You can still see glimpses of him at Saratoga Race Course, though, where he became the first horse since the track opened during the Civil War to run under two minutes for a mile and a quarter on the main track.
His daughter Secret Oath, one of the best 3-year-old fillies in the country, ran in the Grade I Coaching Club American Oaks and the Grade I Alabama, and his son Artorius is running in Saturday’s Travers.
Like his father was, Artorius is lightly raced heading into the Travers, but he’s the 9-2 third choice on the morning line off an impressive win in the Curlin on July 29.
“I believe this was the first graded stakes Arrogate ever ran in, and same with this horse,” trainer Chad Brown said Thursday morning. “I was told by Dave Grening [of the Daily Racing Form] that today is five years to the day that Arrogate won the Travers.

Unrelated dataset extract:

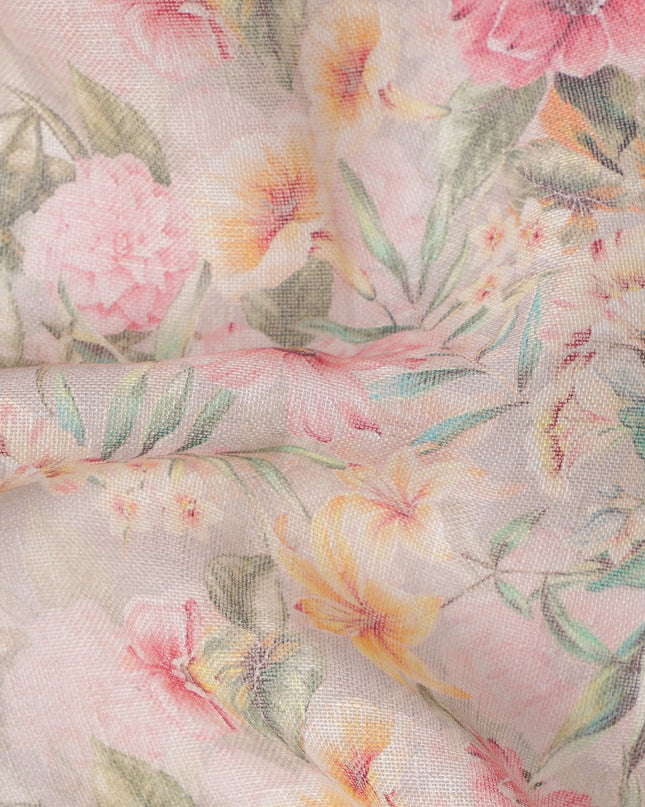 Beige Pastel Floral Printed Cotton Linen Fabric, 110 Cms Width, India-D25187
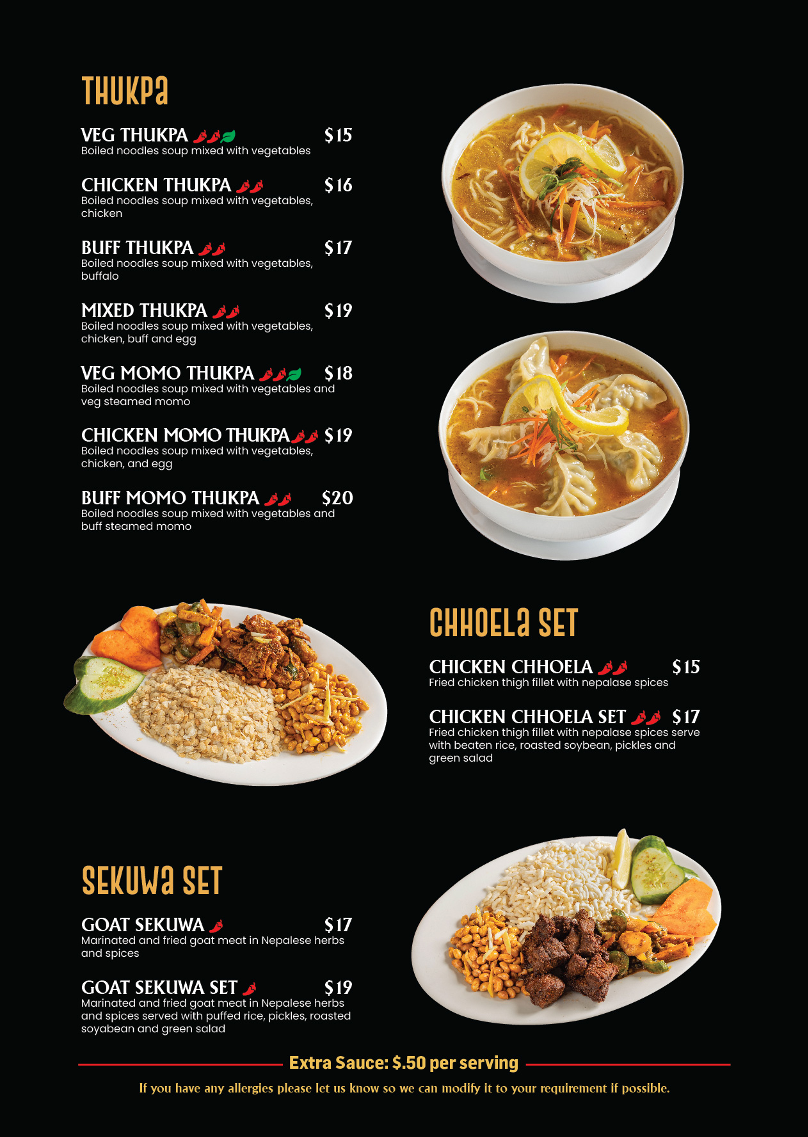 Menu, Downtown MoMo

There’s a lot going in his favor as far as history, him and his father, some parallels.”
When Baffert entered Arrogate in the 2016 Travers, the horse had just two maiden races and two allowances on his resume, winning three of them. His stablemate American Freedom, a two-time stakes winner coming in, was more highly regarded.
Arrogate blew away the field in 1:59.36, breaking the track record of 2:00 set by General Assembly when he won the Travers in 1979. It was 13 1/2 lengths back to American Freedom, the third-largest winning margin in Travers history.
Arrogate was retired to stud after finishing fifth to Gun Runner in the 2017 BC Classic, and Juddmonte Farms set his stud fee at $75,000.
His first winner as a sire was a filly named Adversity, who broke her maiden on closing day of the 2021 Saratoga meet.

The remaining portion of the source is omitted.